En primer lugar, si nos remitimos a nuestro Código Tributario encontramos que, cuando crea la figura del agente de retención (artículo 23), lo define como la persona designada por ley o por la Administración, previa autorización legal, que por sus funciones públicas o por razón de su actividad, oficio o profesión, interviene en actos u operaciones en los cuales puede retener el importe del tributo correspondiente.
Surge entonces claramente que debe existir un pago o puesta a disposición de fondos sobre los que el agente pueda efectuar la retención, de lo contrario no se cumpliría con el fundamento legal por el cual se creó al agente de retención.
Por otra parte, con referencia al momento del pago, este siempre acaecería posteriormente al nacimiento de la obligación de pagar, siendo muy poco usual que el pago se haga antes de que la obligación se haga exigible. Por lo tanto, el pago como momento diferente a la "acreditación" no tendría sentido.
Otro argumento aportado por el autor citado señala que si nos remitimos a los antecedentes normativos, encontramos en la legislación del antiguo IRPF (predecesor del que conocemos actualmente) que, cuando se refería a la acreditación de la renta, la redacción mencionaba la "acreditación en cuenta", refiriéndose claramente al hecho material de acreditar el importe en cuenta del beneficiario (artículo 5 de la Ley 12.804, de 1960).
Adicionalmente, como mencionamos, en el marco normativo vigente con la reforma tributaria (Ley 18.083 y su reglamentación) encontramos nuevos aportes a favor de la tesis de la doctrina.
En este sentido, en materia de designación de responsables se utilizaron diferentes figuras (agentes de retención, responsables sustitutos, responsables por obligaciones tributarias de terceros) para contemplar las diferentes posibles situaciones.

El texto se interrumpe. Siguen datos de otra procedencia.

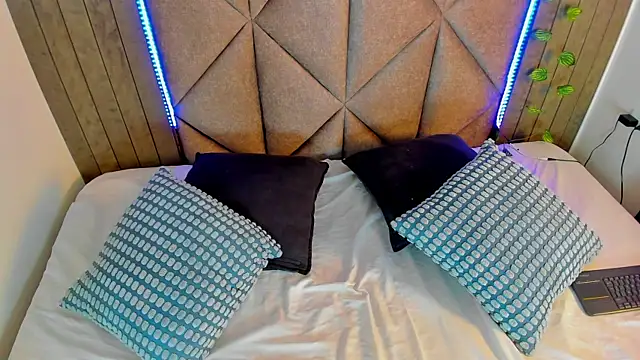 AhslyEvans   online show from 04.14.26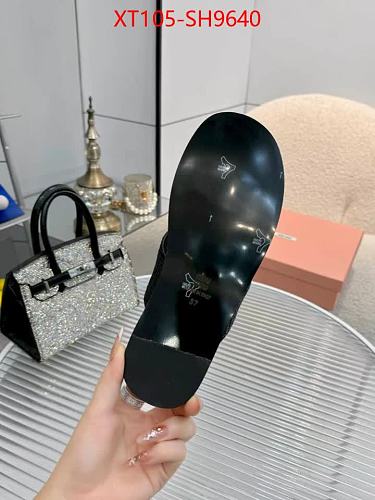 Elegant Flat Slides With Signature Pattern womens shoes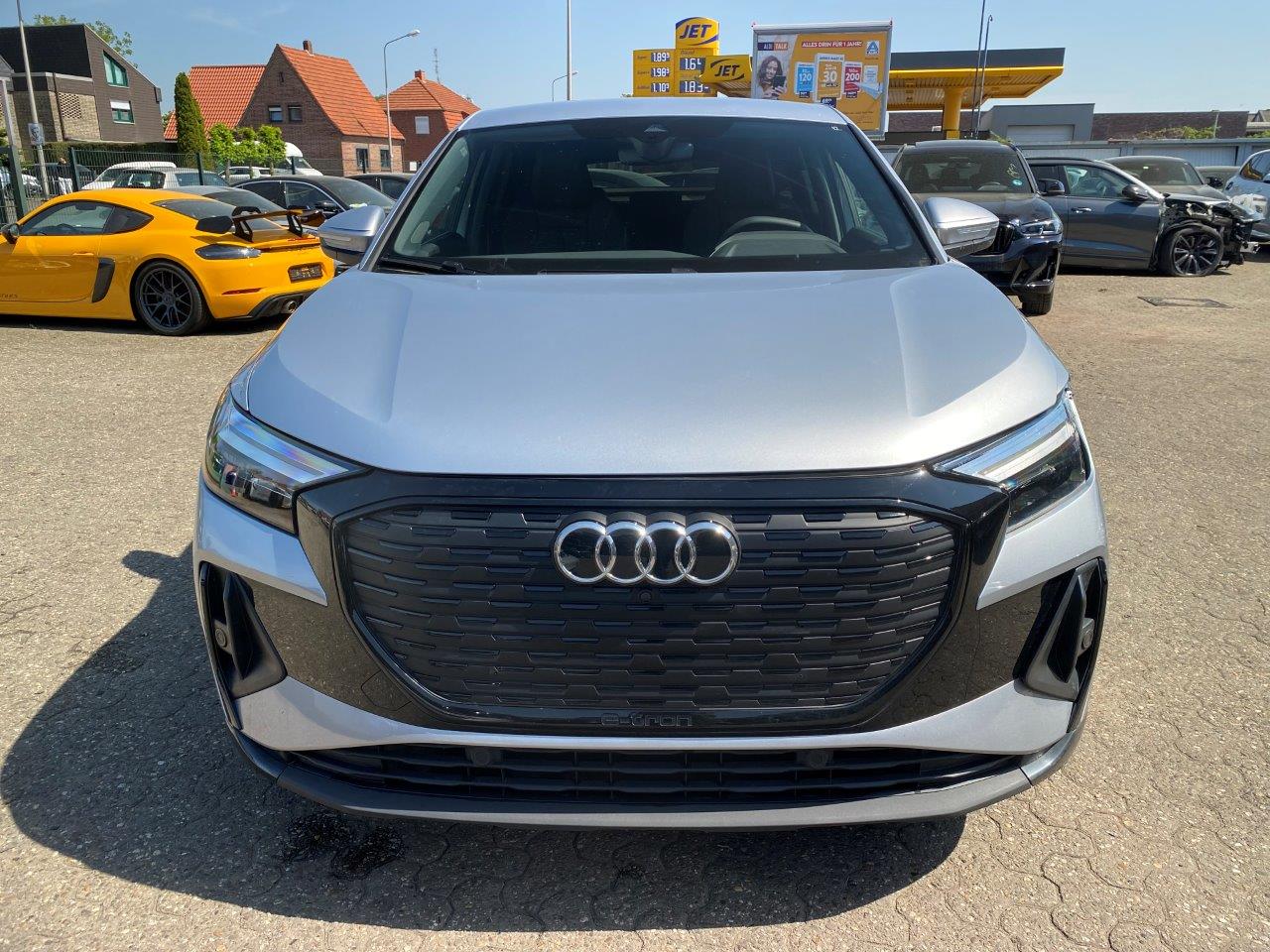 MEINUNFALLAUTO Audi Q4 etron 40 Sportback S line LED MMI Navigation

En aquellas en las que se pretendió que el responsable retuviera (y vertiera a DGI) el impuesto del tercero con la fecha de la factura o con el devengamiento (es decir, en ambos casos sin tener necesariamente los fondos a su disposición), la normativa utilizó explícitamente la figura del responsable por obligaciones tributarias de terceros o la del responsable sustituto, pero no la del agente de retención (cabe precisar que no es el objetivo de este trabajo analizar la legalidad de dichas designaciones).

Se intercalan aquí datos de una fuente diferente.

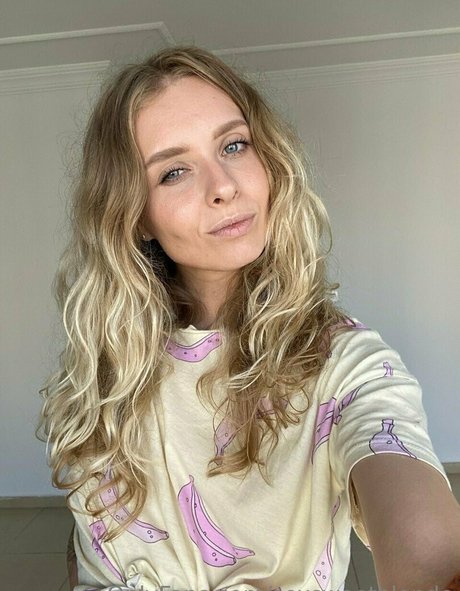 sexsweetblonde OnlyFans XX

Interesa citar lo expresado por el TCA en la Sentencia 759/006, respecto a que si el agente debiera abonar al Fisco el tributo antes que el pago al contribuyente se efectuara, no integraría la categoría jurídica de agente de retención sino que sería un simple responsable por deuda ajena, ya fuese en calidad de sustituto o de mero solidario. Su obligación y su derecho no consistirían ya en "retener" o "descontar" una porción de dinero para luego verterla al Fisco, sino por el contrario, en adelantar el pago del tributo teniendo luego derecho de repetición contra el contribuyente (Sentencia 759/006).
5. Conclusiones
Por lo expuesto, entendemos que en aquellos casos en que la ley o el decreto estipulan que la retención debe realizarse con el pago o acreditación, sin que exista otra norma reglamentaria que disponga un momento especial, la interpretación de la normativa vigente indica que el agente de retención debe disponer de los fondos para cumplir su designio, lo cual lleva a concluir que la acreditación se debe entender como puesta a disposición de los fondos. Cabe precisar que también cuando existan normas reglamentarias que dispongan momentos diferentes se puede discutir su legalidad, pero ese análisis excede el alcance de esta nota.
No obstante lo anterior, como hemos mencionado, la DGI sostiene que la acreditación se configura con la exigibilidad del crédito.